The Sinking City by Frogwares is a third person action adventure horror game that has deep roots in the HP Lovecraft universe. The Cthulhu styled themes and familiar gameplay make this a joy to play even though there are a few issues around combat and movement.
Oakmont is the setting of the game which is a 1920’s seaside town that has been affected by a devastating flood of supernatural origins. The town feels old and lived in and the damage caused by the flood can be seen both the surface of the buildings and the pain on the NPCs faces.
It’s one thing this game does very well, immersion in the story. The voice acting is very good and the mannerisms of the character models are fantastic. Each person you meet has micro expressions that genuinely add to the narrative.
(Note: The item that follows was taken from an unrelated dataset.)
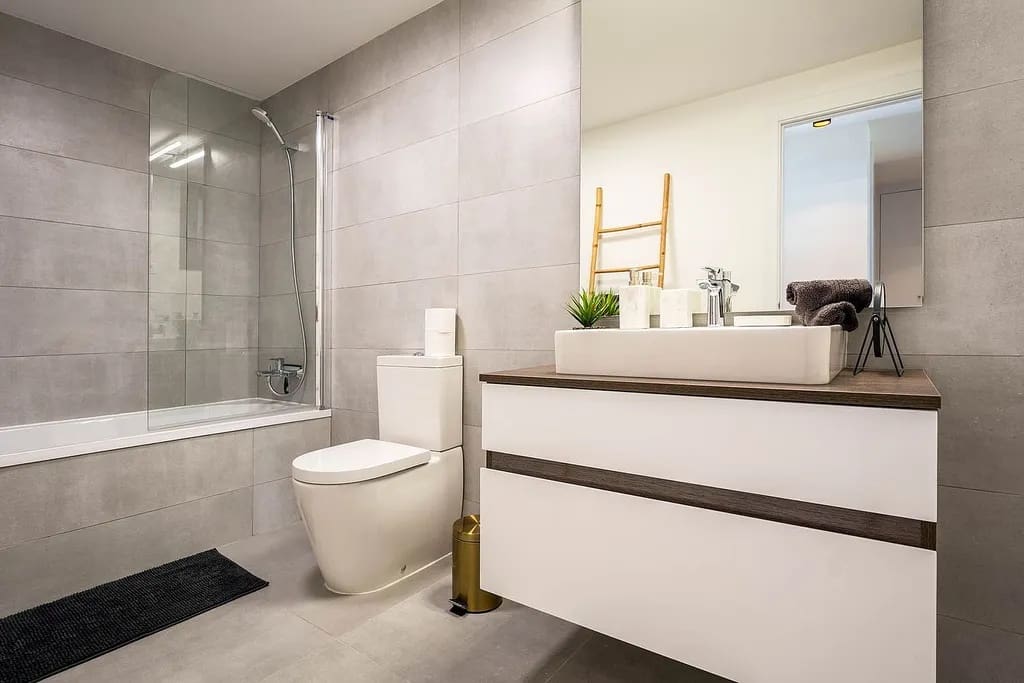 Apartamento de 3 habitaciones en Estepona en venta con piscina garaje - 799.000 € (Ref: 9574175)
You play Charles Reed, a private eye with a military background, because this is “Lovecraftian” and that is always the cliche centre of the world, just look at the game “Call of Cthulhu”. The adventure begins with your character suffering from dark visions that call him to Oakmont in search of a cure before the madness sets in.
Along the way you’ll meet monsters known as Wildbeasts which come in various types and sizes. The combat in these moments can feel awkward and at times a throwback to the broken camera angles of previous generation games like Silent Hill. Your character can move extremely slow compared to your own reaction time at these times. This could be to add to the sensation of the monsters being faster than natural but it ends up feeling more like an unpolished mechanic of the game.
Combat is playable, but not necessarily enjoyable.
The part of the game that more than makes up for it though is the detective work. It really drives the narrative along in a way that makes every decision you make and every clue you find an important part of the process. Your own supernatural ability is reminiscent of the “Detective Mode” vision in the Batman: Arkham games if it was twisted with the incredible evil of Cthulhu. It takes you into the “Mind Palace” where you can see the shadows of events taking place to determine the motives of characters, it’s very well done. Don’t stay there too long, or you’ll notice the evil around you grasping to drag you in forever.
At times I compare this game to one of my favourites of all time, an Xbox title called “Alan Wake” which is one of the highest compliments I can give. The mythology focused world of evil surrounding the town without a doubt cements this as a game of depth and character and few tell it better than the Sinking City. The combat can let it down at times, but at the end of the day feels like a minor part of a much bigger story.